All byte-identical — the 12 compatibility vectors pass unchanged.

Hardware AES on aarch64: aes v0.8 requires --cfg aes_armv8 and was silently running software AES (~60×/block) on every default ARM build. Workspace .cargo/config.toml sets it; README replaces the outdated nightly advice (stable ≥1.61 suffices). Downstream crates need the cfg in their own builds — worth an announcement when this releases.
Bulk right-block encoding (−36% encrypt under hw AES): hash LSBs packed straight into the block bitvector (hash_all_into, no Vec), indicator mask XORed over the top in one linear pass of the PRP's inverse table (indicator_mask_xor) — replacing 256 per-bit invert lookups + branchy bit-sets per block.
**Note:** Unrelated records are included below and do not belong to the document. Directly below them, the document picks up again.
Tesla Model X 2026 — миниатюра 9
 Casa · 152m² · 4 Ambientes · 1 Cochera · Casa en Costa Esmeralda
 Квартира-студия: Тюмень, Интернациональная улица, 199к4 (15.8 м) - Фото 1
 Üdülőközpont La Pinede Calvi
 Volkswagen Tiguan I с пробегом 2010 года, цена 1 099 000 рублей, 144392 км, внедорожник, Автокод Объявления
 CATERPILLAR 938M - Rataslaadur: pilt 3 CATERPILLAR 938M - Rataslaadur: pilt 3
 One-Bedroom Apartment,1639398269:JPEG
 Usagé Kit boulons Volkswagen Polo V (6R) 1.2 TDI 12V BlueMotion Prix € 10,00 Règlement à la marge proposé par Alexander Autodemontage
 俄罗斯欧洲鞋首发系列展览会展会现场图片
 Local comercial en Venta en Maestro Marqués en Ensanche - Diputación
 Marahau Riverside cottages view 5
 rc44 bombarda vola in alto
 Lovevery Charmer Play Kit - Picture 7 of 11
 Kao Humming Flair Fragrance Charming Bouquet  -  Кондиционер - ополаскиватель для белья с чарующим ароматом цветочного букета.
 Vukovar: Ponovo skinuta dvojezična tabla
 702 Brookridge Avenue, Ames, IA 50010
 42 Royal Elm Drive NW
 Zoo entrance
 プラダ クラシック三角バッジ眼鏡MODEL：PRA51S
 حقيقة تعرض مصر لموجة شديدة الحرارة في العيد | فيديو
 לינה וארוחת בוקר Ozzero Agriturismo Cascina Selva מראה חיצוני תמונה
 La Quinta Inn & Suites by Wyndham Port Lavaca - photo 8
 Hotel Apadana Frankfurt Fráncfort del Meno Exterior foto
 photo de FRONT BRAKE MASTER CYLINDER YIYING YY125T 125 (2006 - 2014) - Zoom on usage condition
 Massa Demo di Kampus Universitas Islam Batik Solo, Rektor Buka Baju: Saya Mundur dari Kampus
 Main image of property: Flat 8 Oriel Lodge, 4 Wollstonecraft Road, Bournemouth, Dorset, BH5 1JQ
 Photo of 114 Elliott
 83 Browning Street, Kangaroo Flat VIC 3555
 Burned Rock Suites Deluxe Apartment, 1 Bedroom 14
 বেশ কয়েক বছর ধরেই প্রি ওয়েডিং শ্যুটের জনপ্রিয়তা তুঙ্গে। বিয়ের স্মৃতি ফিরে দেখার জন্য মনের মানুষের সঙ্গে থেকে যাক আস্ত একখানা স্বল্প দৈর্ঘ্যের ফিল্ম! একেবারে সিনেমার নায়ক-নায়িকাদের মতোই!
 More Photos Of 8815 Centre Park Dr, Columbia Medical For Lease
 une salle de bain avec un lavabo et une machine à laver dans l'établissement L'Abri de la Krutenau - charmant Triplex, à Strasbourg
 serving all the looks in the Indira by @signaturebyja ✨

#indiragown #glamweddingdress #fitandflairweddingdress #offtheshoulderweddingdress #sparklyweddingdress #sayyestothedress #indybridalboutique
Equivalence vs the per-bit reference pinned by quickcheck.
Hasher hoist: the nonce key schedule was rebuilt once per block; now once per encryption.
PRNG pointer flattening (−18% encrypt-left): one branch per byte instead of three, byte stream exactly preserved (including the historical skip-byte-0-on-regeneration quirk, now documented as load-bearing).
Knuth shuffle skips its degenerate i=0 iteration: it always lands on swap(0,0) after an expected 256 rejection draws, and the RNG is dropped immediately after — unobservable, saves a full PRNG regeneration per PRP.

What's now dominant

PRP construction: ~2.2 µs/block, ~70% of encrypt under hardware AES, and wire-frozen for this scheme. That elevates the plan's open question 1 (constant-time small-domain PRP for new schemes) — see the PR 5 notes.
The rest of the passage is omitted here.